_PROBLEM_
Exact repetition of a range: find the line containing "Long Beach Garden Hotel and Pavilions" and the line containing "Holiday home Luxurious" in the material below, then repeat both and all lines between them, leaving pictures out.

_TASK DATA_
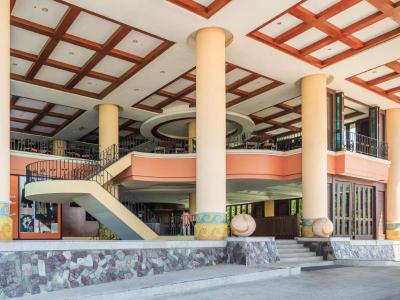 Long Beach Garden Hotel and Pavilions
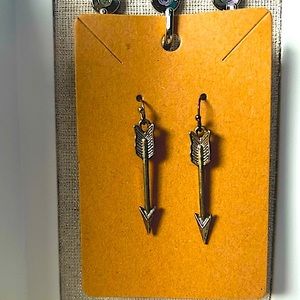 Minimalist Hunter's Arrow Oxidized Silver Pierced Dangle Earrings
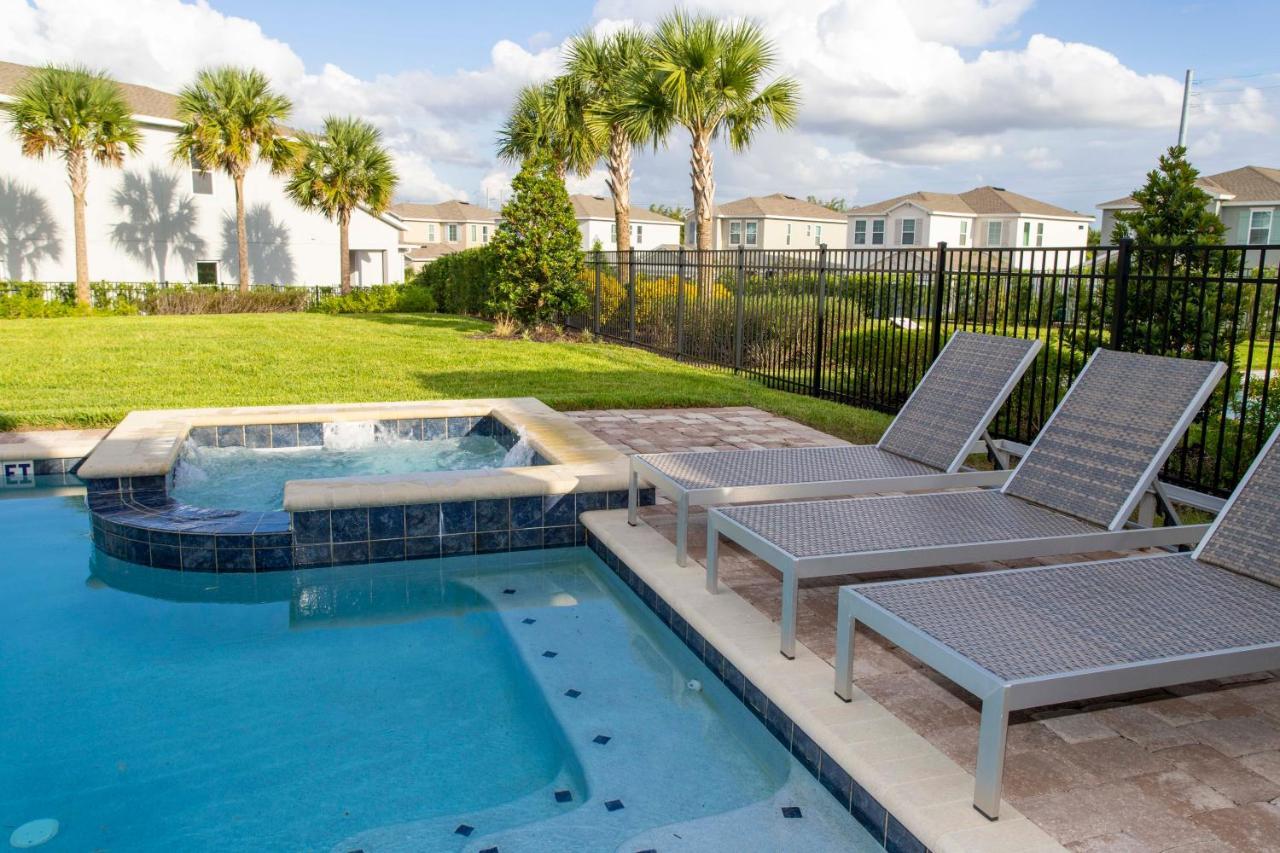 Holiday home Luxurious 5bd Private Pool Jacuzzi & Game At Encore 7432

...

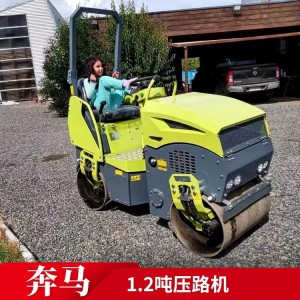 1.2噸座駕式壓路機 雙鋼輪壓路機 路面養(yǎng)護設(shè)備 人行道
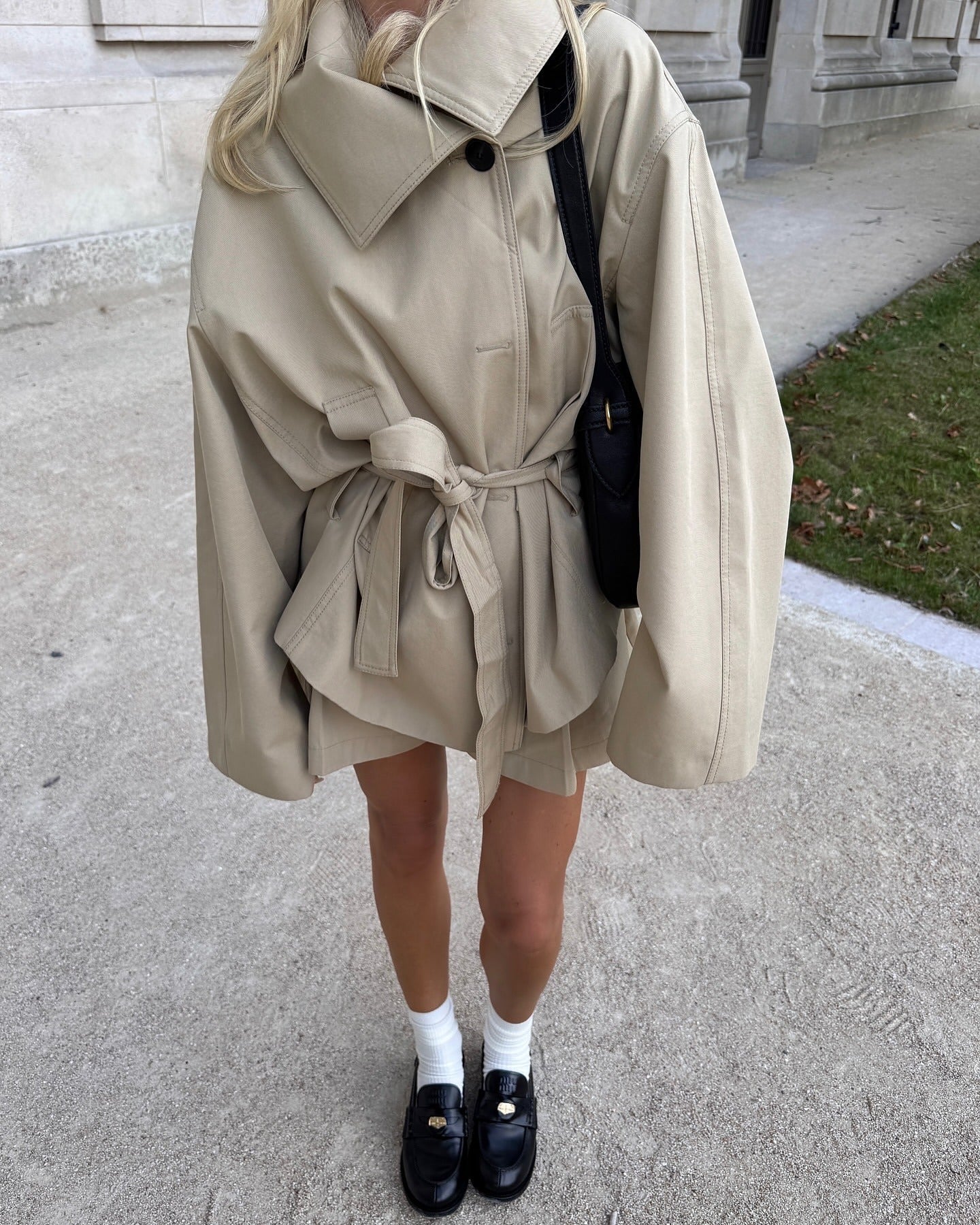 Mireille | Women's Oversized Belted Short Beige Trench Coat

---

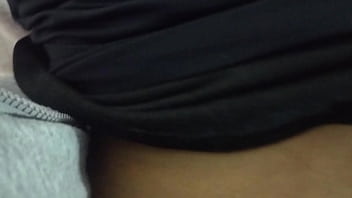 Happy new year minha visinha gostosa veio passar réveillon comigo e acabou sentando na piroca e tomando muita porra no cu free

_YOUR SOLUTION_
 Long Beach Garden Hotel and Pavilions
 Minimalist Hunter's Arrow Oxidized Silver Pierced Dangle Earrings
 Holiday home Luxurious 5bd Private Pool Jacuzzi & Game At Encore 7432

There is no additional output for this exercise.